The corporate culture could be described only as feudal. As one example, Mr. Gerstner reprints what he terms ”one of the most remarkable documents I have ever seen”: a 60-page memo from a human resources director to an aide of a senior IBM executive. It told the aide, among other things, to reset the three clocks in the executive’s office each day and included detailed instructions on how and when to buy and resupply the executive with his preferred chewing gum (Carefree Spearmint sugarless). Mr. Gerstner cited this as an instance of the ”suffocating extremes one could find all too easily in the IBM culture,” and he named the executive, who voluntarily retired just after Mr. Gerstner took over.

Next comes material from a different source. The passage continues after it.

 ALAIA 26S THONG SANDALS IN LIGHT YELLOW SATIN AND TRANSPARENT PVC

Within the first 100 days, he made the important decisions to keep the company together, reduce costs sharply and change the way IBM did business, overhauling sales, marketing, procurement and internal systems. He didn’t break up the company, as many were advising in response to his smaller, nimbler competition. He didn’t try to divert attention by acquiring new revenue streams, as many investment bankers were urging. Instead, he slashed prices to get badly needed cash and regain market share. He held a fire sale of unproductive assets. And he laid off 35,000 more employees (but he put so much human touch in this difficult decision: compassion and care).

He writes that the choice to keep the company together, reversing the course set by his predecessor and endorsed by the board, was ”the most important decision I ever made – not just at IBM, but in my entire career.” He based it on strategic analysis and instinct – and listening to customers. His bet was that IBM’s competitive advantage would be as the ”foremost integrator of technologies” to solve business problems for corporate customers. So much of what IBM did since then flowed from the one-company decision – the changes in sales, marketing, organization and compensation.

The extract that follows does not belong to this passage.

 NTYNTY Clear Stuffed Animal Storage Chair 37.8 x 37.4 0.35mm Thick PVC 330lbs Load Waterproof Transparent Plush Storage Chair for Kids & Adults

Before long, Mr. Gerstner also realized that trying to recapture control of the personal computer business from Microsoft was quixotic – costly, time-consuming and yesterday’s war. By the mid-1990’s, IBM’s technical leadership had noticed the Internet, and took the view that the coming ”networked world” would lead the way to the post-PC era, undermining Microsoft’s grip on the industry. ”Desktop leadership might have been nice to have,” Mr. Gerstner writes, ”but it was no longer strategically vital.”

Perhaps most important, though, Gerstner, the nontechie generalist, listened to those who anticipated that the PC revolution was entering a new stage. Few in the business then foresaw the big-system foundations of today’s networked world, in which corporate customers need soup-to-nuts services provided by a global information technologist. The now common phrase ”e-business” was coined by IBM.

He kept the company together, cut payroll and other costs, reduced IBM’s dependence on hardware and built up the services business. Under his leadership, IBM deftly caught the Internet wave, grasping its significance and translating it for baffled corporate customers. Such nimble exploitation of a fast-moving market opportunity was foreign to the old IBM.

After ten years into his job, in 2002, Gerstner left IBM with 65,000 more employees than when he arrived. The 2001 profit of nearly $8 billion marked the eighth straight year of black ink (though the company is carrying heavy debt). IBM was again an industry leader. Its culture and management were completely overhauled and put again onto the cutting edge.

He then wrote a memoir where he documente his years at IBM. ”Who Says Elephants Can’t Dance?” is not about IBM’s Lou Gerstner; it’s about Lou Gerstner’s IBM – and, by extension, that of his predecessors, since that is what he inherited in 1993. The book can seemingly serve a good case in point for current crisis-stricken GM, which is also predicted to file Chapter 11 if not rescued by the American government.

The book has no photographs, and its first sentence is, ”This is not my autobiography.”